Amazon.com's Best of 1999
With an abundance of nonchalance, Arto Lindsay opens
Prize, his voice lazing over simple guitar strums, jumpy hand percussion, and more. Lindsay's shown himself a rich kaleidoscopic vortex, where vastly different music intermingles, creating a sleek display of his aesthetic appetite. He's obviously schooled in
Os Mutantes and
Gilberto Gil but he spikes every trace of his fellow Brazilian music makers with added layers originating in the No Wave and loft-jazz scenes.
--Andrew Bartlett
Amazon.com
Arto Lindsay's a polynational multistylist of the first order. His Portuguese and English lyrics speak dually to the Brazilian Tropicalia movement and an experimental postpunk fluidity that never shies away from dropping jazzy horn licks amid scrabbling noise episodes.

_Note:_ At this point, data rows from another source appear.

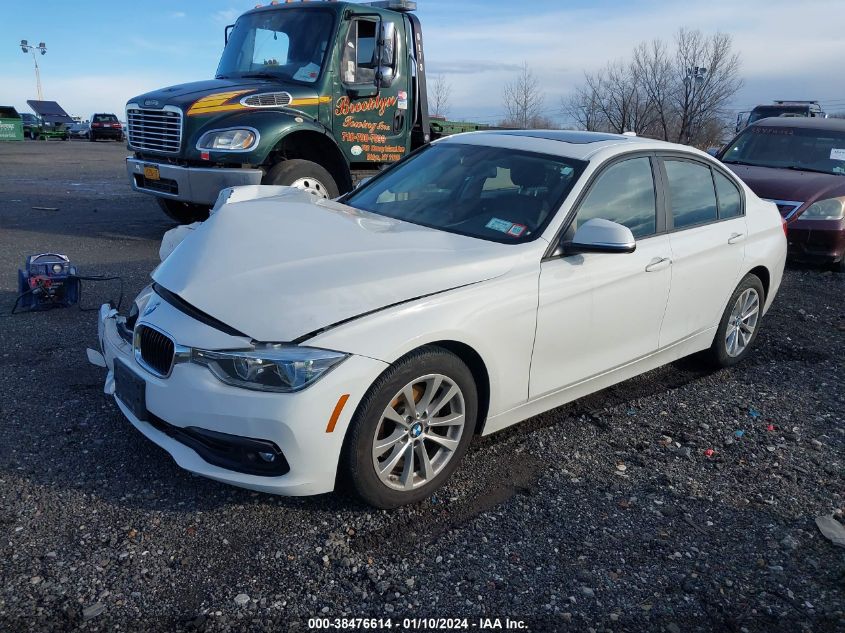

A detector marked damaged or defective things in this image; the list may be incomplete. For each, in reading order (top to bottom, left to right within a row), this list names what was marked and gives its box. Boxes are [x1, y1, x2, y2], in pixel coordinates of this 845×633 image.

detached bumper [126, 157, 260, 205]
damaged front bumper [88, 292, 386, 494]
detached bumper [90, 298, 388, 496] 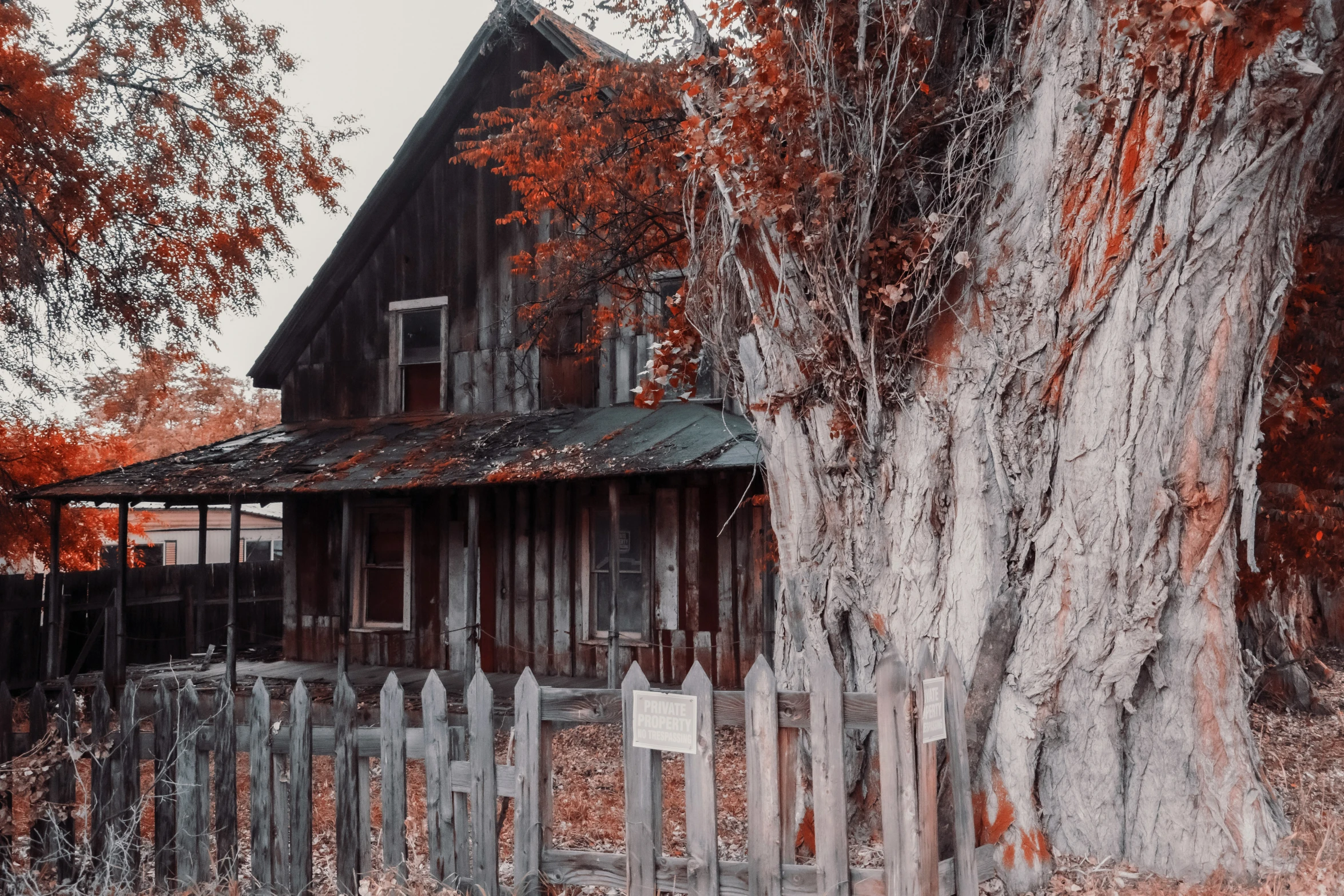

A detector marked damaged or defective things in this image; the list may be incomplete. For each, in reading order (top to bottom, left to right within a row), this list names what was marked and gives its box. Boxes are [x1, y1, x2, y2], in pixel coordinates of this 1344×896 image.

rusted metal roof [31, 405, 764, 503] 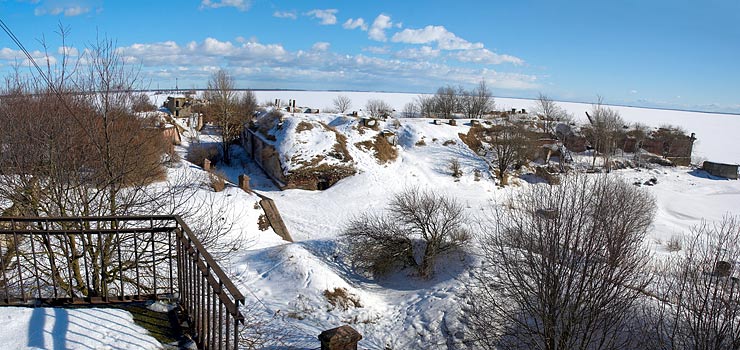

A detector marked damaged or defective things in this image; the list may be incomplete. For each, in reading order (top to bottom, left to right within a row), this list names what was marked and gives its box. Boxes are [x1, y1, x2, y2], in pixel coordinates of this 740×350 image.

rusty metal railing [0, 215, 246, 348] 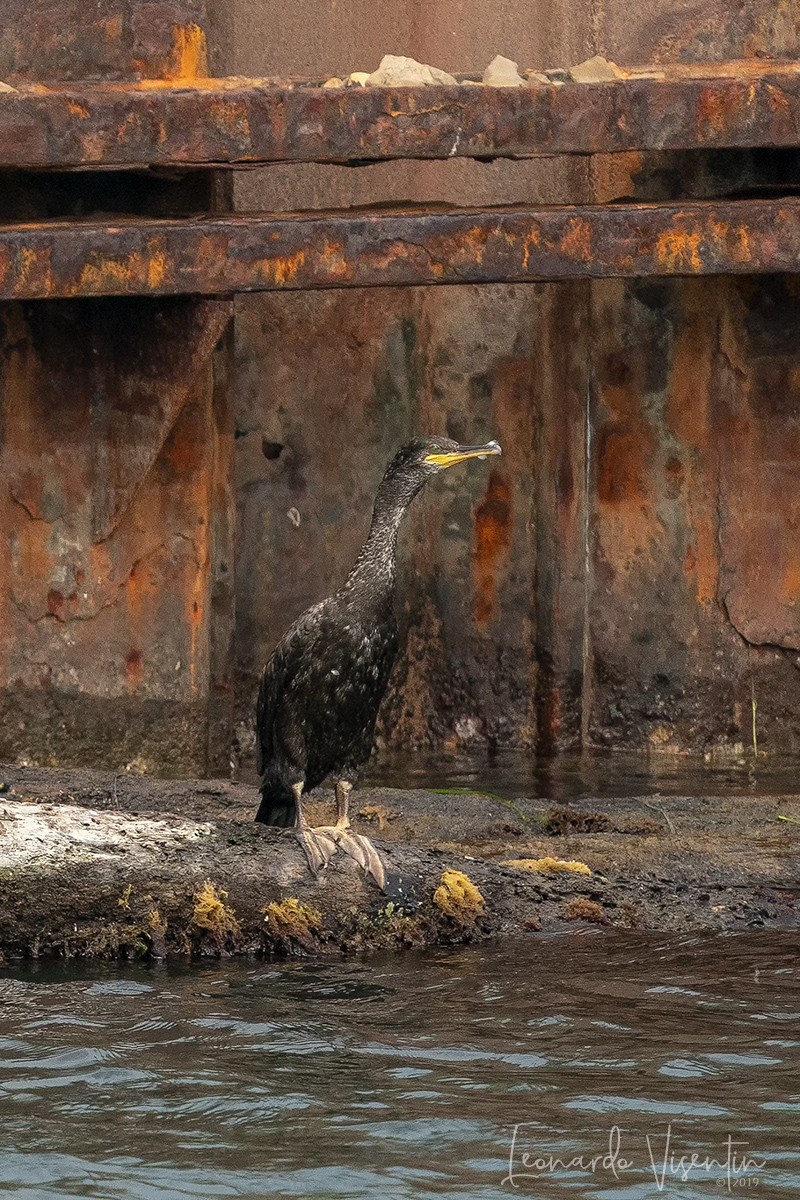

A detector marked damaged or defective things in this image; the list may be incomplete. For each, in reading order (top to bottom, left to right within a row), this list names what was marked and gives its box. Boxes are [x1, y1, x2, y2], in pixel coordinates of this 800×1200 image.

rust stain [165, 23, 208, 82]
rusted steel beam [4, 63, 800, 169]
corroded metal surface [4, 64, 800, 168]
rusted steel beam [1, 199, 800, 297]
corroded metal surface [1, 199, 800, 297]
rust stain [470, 470, 513, 628]
orange rust streak [470, 470, 513, 628]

Prize is just that, a full-body and mind assault on singularity, grafting acoustic guitar elements à la
Antonio Carlos Jobim into a stew of subtle horn charts, dual-language vocals, and thunking percussion. And then Lindsay delves, heart on sleeve, into a lovely ballad, always with a twist and yet always powerful in the way Tropicalia has consistently been. His fondness for electronics and samples comes to the fore severally, with squiggles and washes of synthetic sound knitting the music warmly but also challengingly. On par with Lindsay's best work,
Prize makes dozens of bold statements by a man who seems to make only bold statements.